_YOUR GOAL_
Take the listing below and write it out again exactly, skipping any picture that it holds.

_ENTRIES SHOWN_
[Start of Attachment]
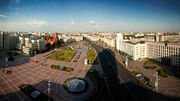 Minsk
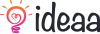 Ideaa logo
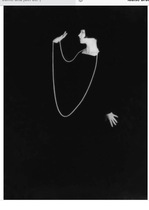 Classic films appreciation thread - come and join us!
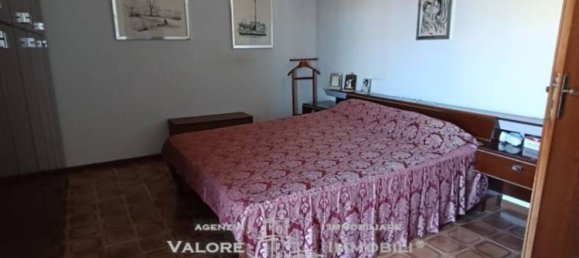 3 bedrooms Apartment in Livorno, Italy No. 354581 18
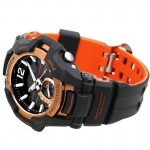 Wristwatch Casio G-Shock GR-B100-1A4ER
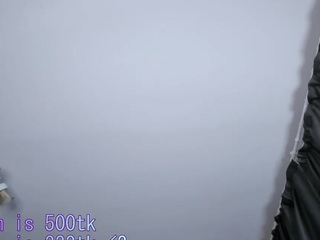 vi-jasen — Camsoda recorded stream image, 01.12.2025 04:50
[End of Attachment]
_EXERCISE SOLUTION_
 Minsk
 Ideaa logo
 Classic films appreciation thread - come and join us!
 3 bedrooms Apartment in Livorno, Italy No. 354581 18
 Wristwatch Casio G-Shock GR-B100-1A4ER
 vi-jasen — Camsoda recorded stream image, 01.12.2025 04:50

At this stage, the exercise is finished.